## Work to complete
Transcribe the whole listing without a single picture.
Input data Start Marker
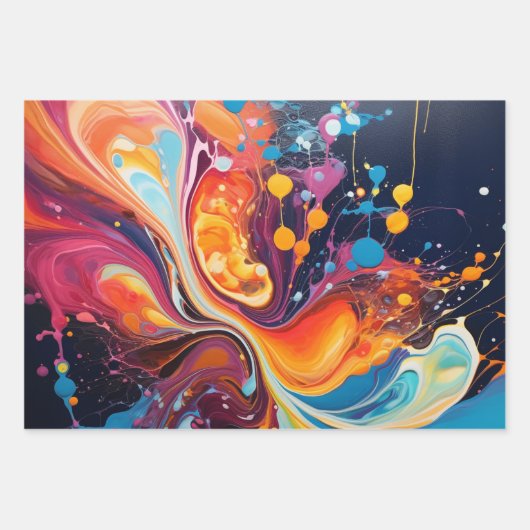 Papierpak 360: 21 inpakpapier vel (Voorkant 3)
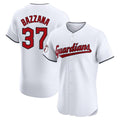 Boles C.Guardians #37 Travis Bazzana Player White Limited Elite Home Stitched Jerseys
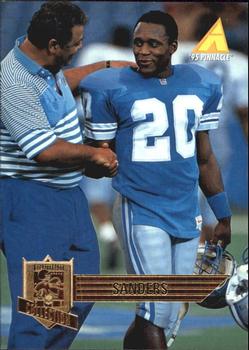 1995 Pinnacle Club Collection #212 Barry Sanders Front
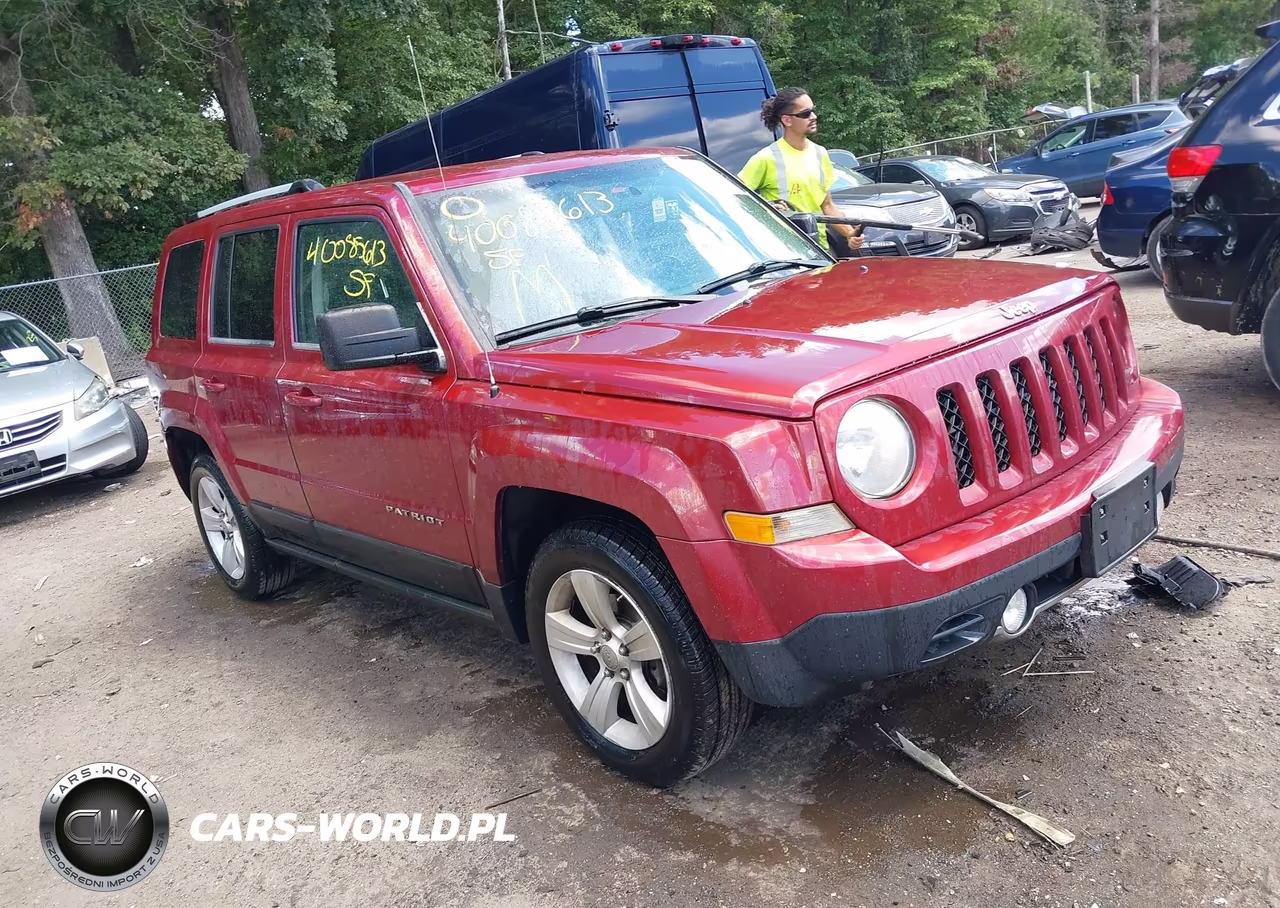 2011 Jeep Patriot Latitude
Input data End Marker
## Result
 Papierpak 360: 21 inpakpapier vel (Voorkant 3)
 Boles C.Guardians #37 Travis Bazzana Player White Limited Elite Home Stitched Jerseys
 1995 Pinnacle Club Collection #212 Barry Sanders Front
 2011 Jeep Patriot Latitude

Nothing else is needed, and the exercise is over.